The importance of women in engineering is being celebrated today and supported by the Met Office.
The Met Office is highlighting the importance of gender equality throughout 2016 by backing a number of events promoting the significance of women within the organisation.
For the first time this year the Met Office is involved in Soapbox Science, a public outreach platform which aims to bring science to the people and challenge gender stereotypes in science careers by raising the profile of women in science.
On Saturday 11 June, three Met Office scientists took part in at the event in Exeter:
- Becky Hemingway explored how weather and natural hazards affect us all with the help of some brilliantly creative props including a toy lorry and bellows.
- Ayoe Buus Hansen talked about atmospheric dispersion research using soap bubbles, diet coke and mentoes.
- Claire Burke explained how research into galaxies that preceded her role in climate attribution, have been transferable and that science does not have to tie you down to one discipline.
Over 1,500 people visited the Soapbox arena over the three hours, and they were free to move between speakers, to interrupt and to join in. Feedback from both the audience and the scientists was highly positive.
Becky Hemingway, a weather impacts scientist, said "I really enjoyed taking part in Soapbox Science. I feel I achieved my aim of inspiring people and increasing awareness and understanding of weather and natural hazard impacts."
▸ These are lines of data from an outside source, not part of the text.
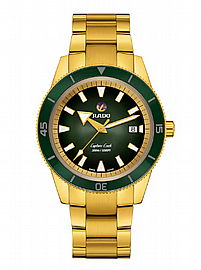 שעון ראדו Rado R32136323 Captain Cook שעון ראדו Rado R32136323 Captain Cook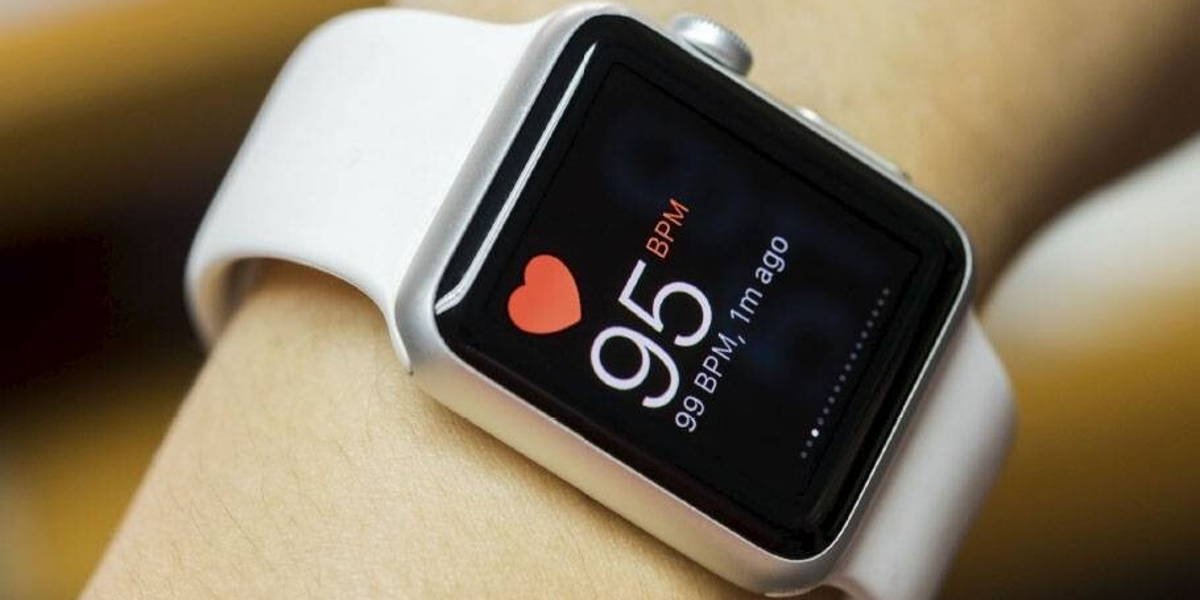 Hoe zelf verzamelde data de zorg beïnvloedt: doktersperspectief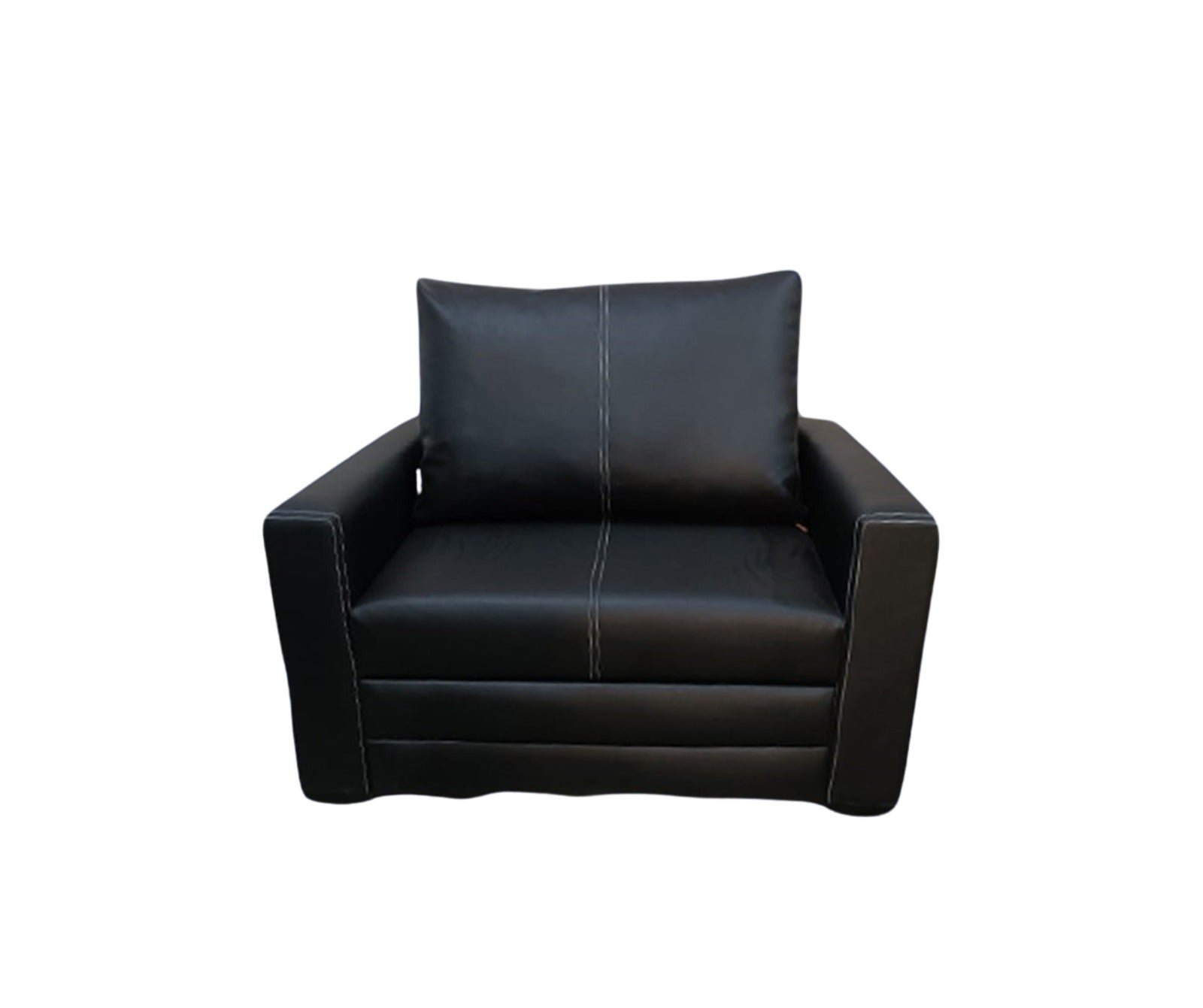 TOKYO chair-bed I one-seater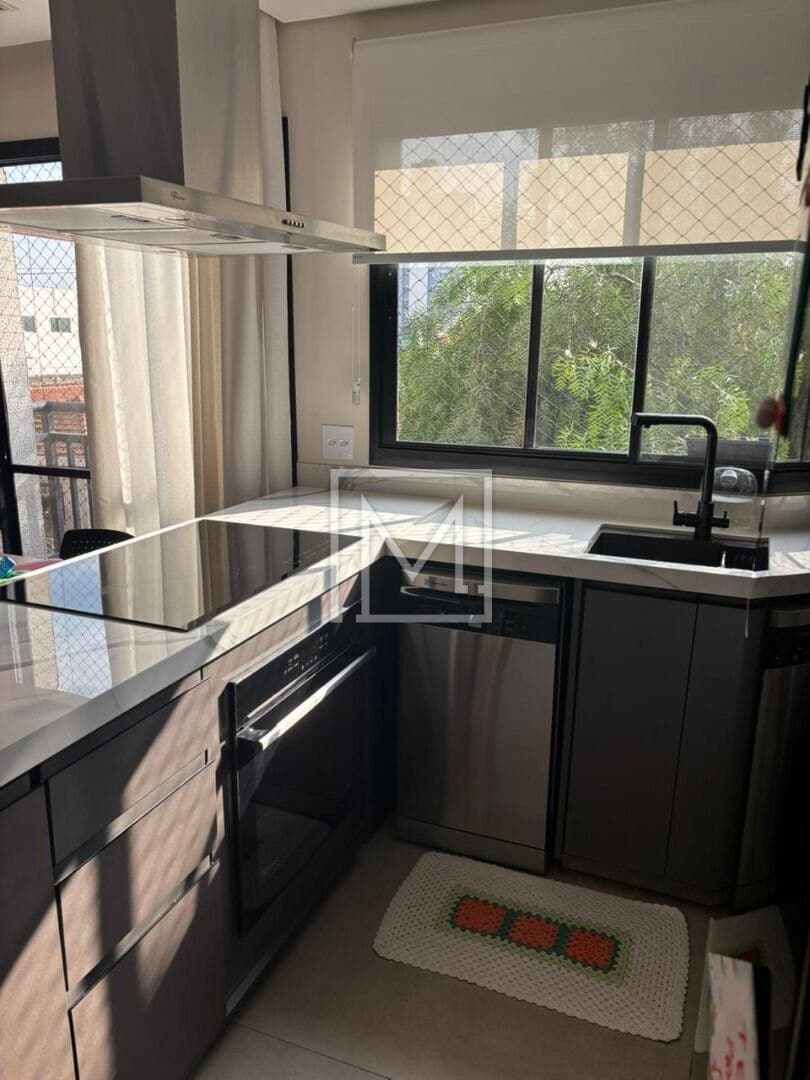 Apartamento com 2 dormitórios à venda, 50 m² por R$ 420.000,00 – Vila Moinho Velho – São Paulo/SP — foto 2 de 18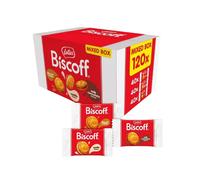 Lotus Biscoff 120 Mix Box 1200g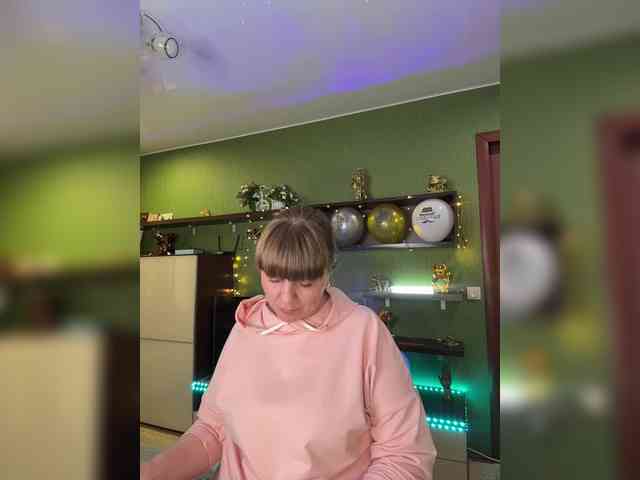 Veronika_Gold webcam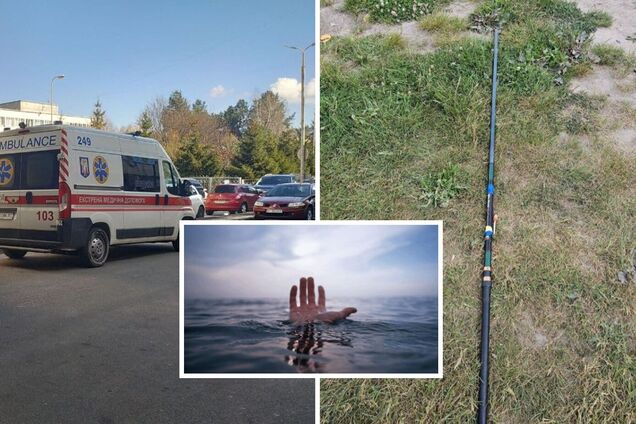 Врачи и полицейские пытались реанимировать ребенка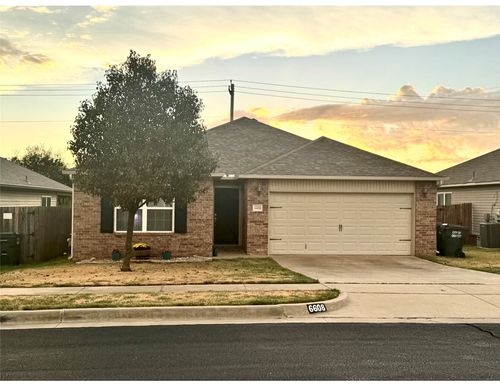 6608 N 128th Eastavenue, Owasso, OK, 74055 | Card Image
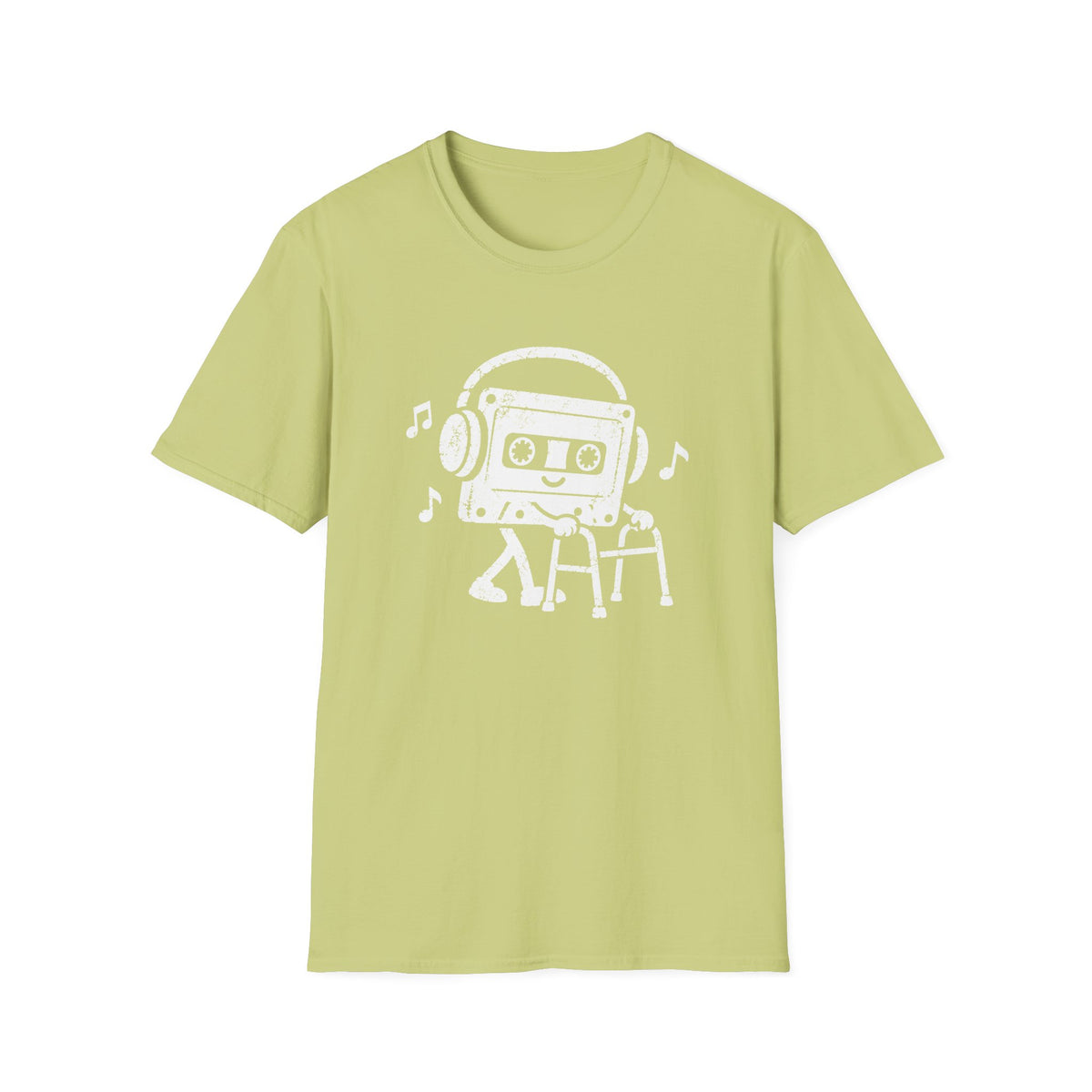 Old Fashioned Music T-Shirt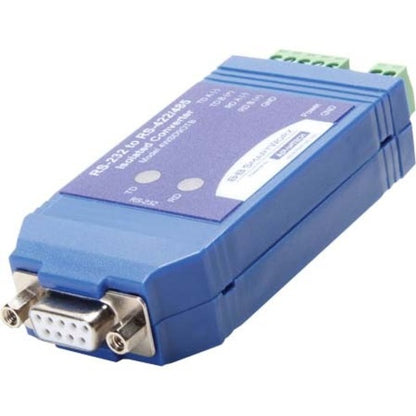 9PIN 232/485 ISOLATED CONVERTER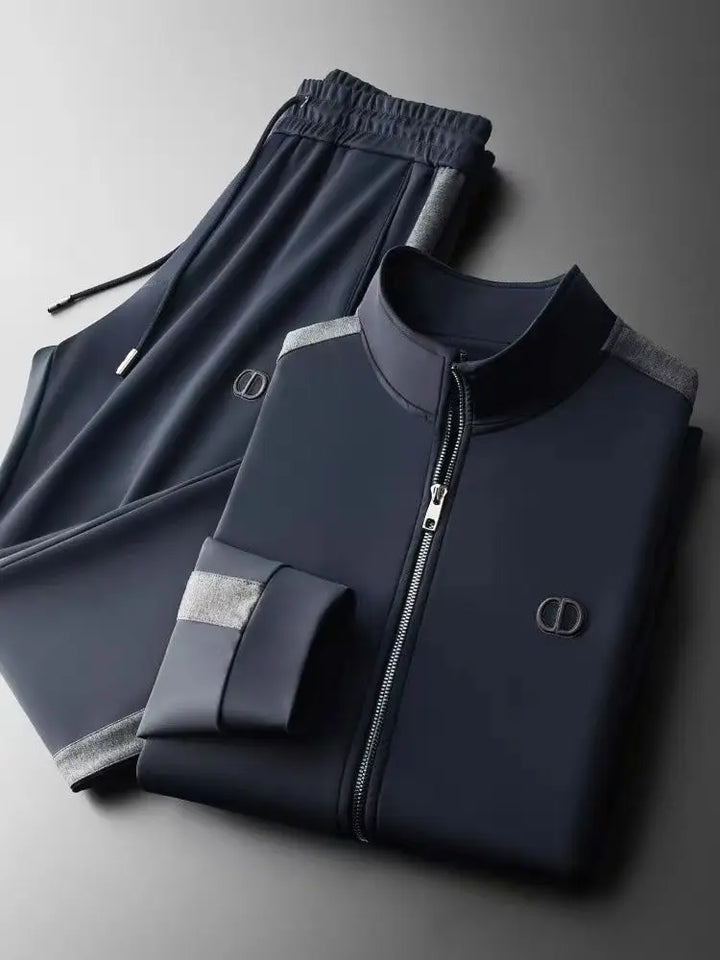Signature | Premium Tracksuit Set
As well as the Exeter event, the Met Office will also be at the Cambridge Soapbox Science on 2 July. Siân Lane, research scientist at Cardington will speak about 'weather under the microscope'.
The Met Office is currently applying for a silver Athena SWAN Award from the Equality Challenge Unit. This recognises commitment to advancing the careers of women in science, technology, engineering, maths and medicine (STEMM) employment in higher education and research.
As a member of the World Meteorological Organisation (WMO), the Met Office works with other partner organisations around the world. Encouraging global gender parity is a key part of our international development work. Rob Varley, Chief Executive of the Met Office, feels strongly about gender equality and sits on the WMO's Gender Equality Panel.
You can see the breadth of meteorological and science work undertaken by women around the globe on the World Meteorological Organization's Flickr page.